_DATA_:
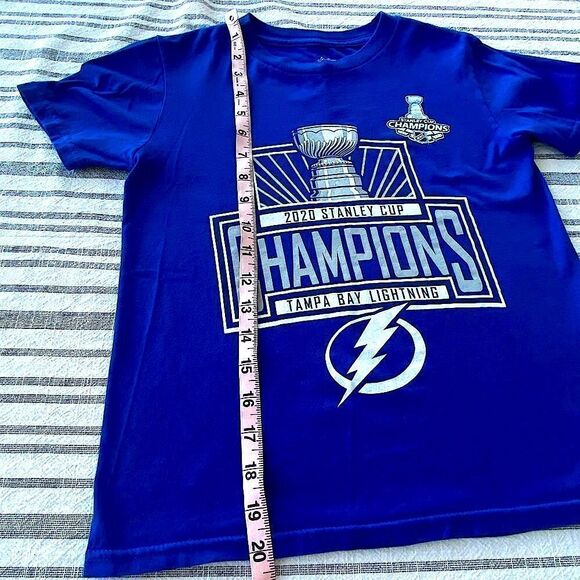 NHL Tampa Bay Lightning 2020 Stanley Cup T-shirt Youth Small - Picture 6 of 9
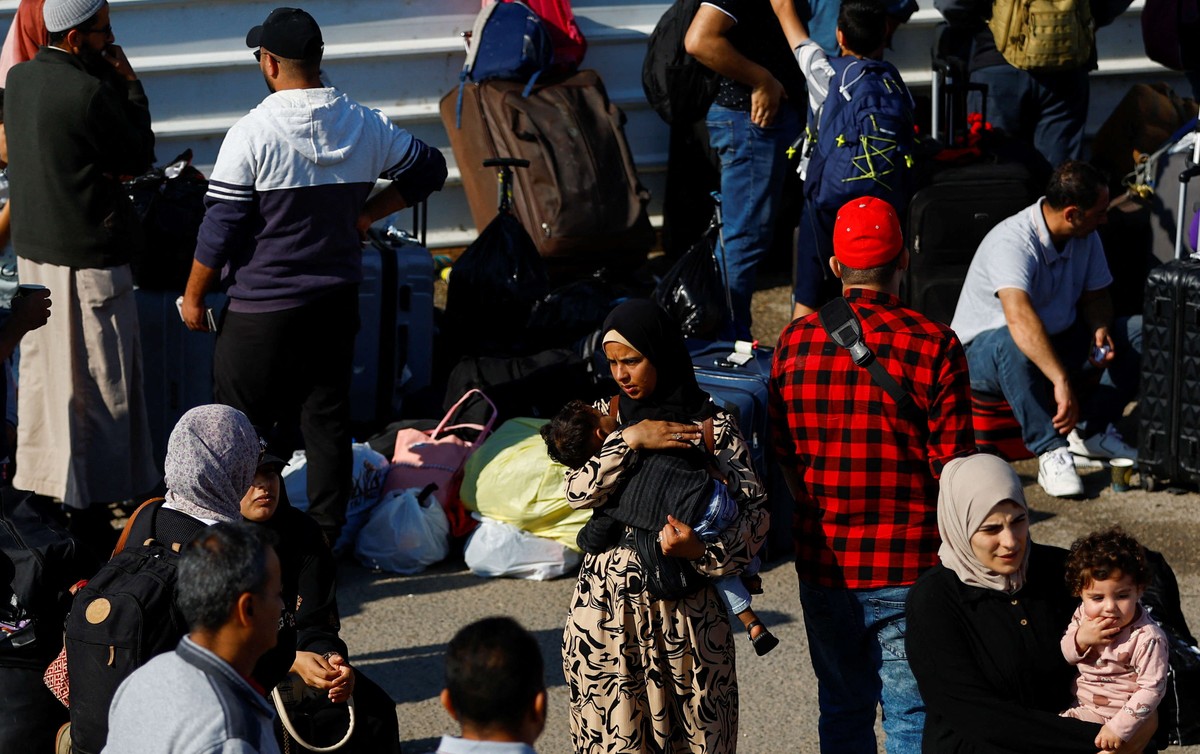 عدد كبير من سكان غزة ينتظرون الدخول لمصر عبد معبر رفح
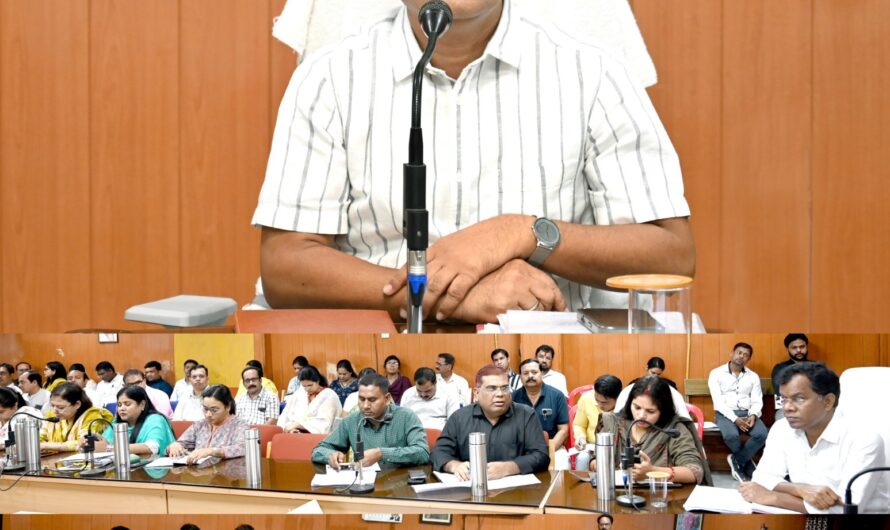 कलेक्टर जन्मेजय महोबे ने ली साप्ताहिक समय सीमा की बैठक
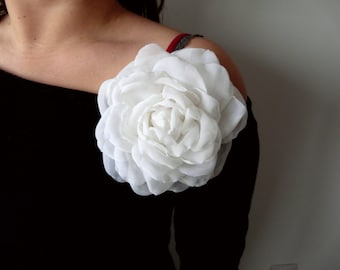 White Flower Brooch, White Silk Rose Pin, Large Silk Flowers, Wedding Corsage Pins, Oversized White Fabric Flower,Big White Flower Clip Hair
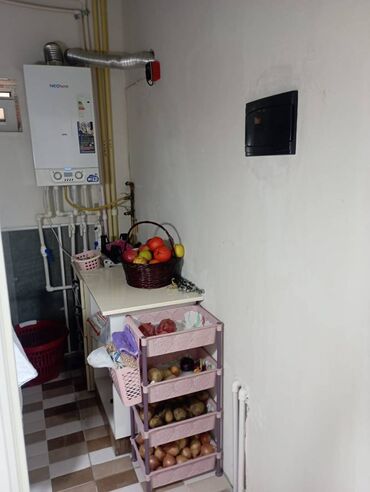 Həyət evləri və villaların satışı: Bakıxanov qəs. 5 otaqlı, 211 kv. m, Orta təmir — 21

_EXERCISE REQUIREMENTS_:
The lines to restate word for word run from the line that contains "White Flower Brooch, White" through the end of the entries above, both ends included. Leave out all pictures and write nothing else.

_REPLY_:
 White Flower Brooch, White Silk Rose Pin, Large Silk Flowers, Wedding Corsage Pins, Oversized White Fabric Flower,Big White Flower Clip Hair
 Həyət evləri və villaların satışı: Bakıxanov qəs. 5 otaqlı, 211 kv. m, Orta təmir — 21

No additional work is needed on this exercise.